Indeed, instead of setting a tone and atmosphere for his narrative, the filmmaker bounces around Manhattan like it’s just another big city backdrop. He utilizes gimmicky techniques such as shaky-cam “you are there” tracking shots to ‘electrify’ the action. All it does is make us queasy and confused. On the positive side, he does work well with actors, getting excellent work out of Norton, Emmerich and John Ortiz (as the troubled bad cop “Sandy” Santiago). Unfortunately, he doesn’t reel in Farrell, who flails here like he’s never thrashed before. His Jimmy is a jest covered in Irish beat bluster. Putting on the awkward American version of his Dublin roots, he’s internally blank while being outwardly unhinged. We keep waiting for the moment his character cracks out the hockey mask and begins splattering teens. Instead, Farrell simply glowers.

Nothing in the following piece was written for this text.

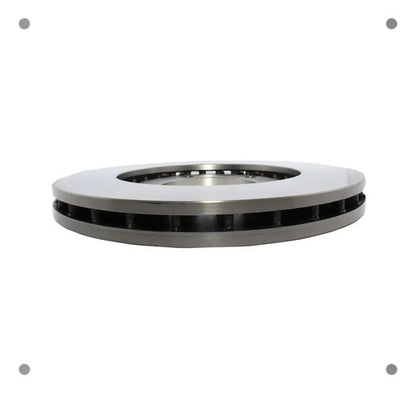 D10/51712-4E000 - imagen Mercado Libre 2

Still, for all its misguided motives, biographical blanks, and last act idiocy (a barroom brawl? A Do the Right Thing inspired riot?) there is a natural curiosity that keeps Pride and Glory from completely dissolving into pointlessness. Norton gets us to care about Ray’s quest, and we tend to follow his investigation with a sense of mystery. Of course, we know all the angles and anticipate all the roadblocks, but O’Connor and his crew aren’t overly worried about predictability. In their mind, this material - no matter how familiar it ends up being - has its own inherent ability to grip the viewer. Unfortunately, a surplus of story and an innate inevitability makes this movie so stereotypical it sputters. Acting alone can’t save something we understand by rote. Pride and Glory ends up being too similar to the sources it mimics to save itself.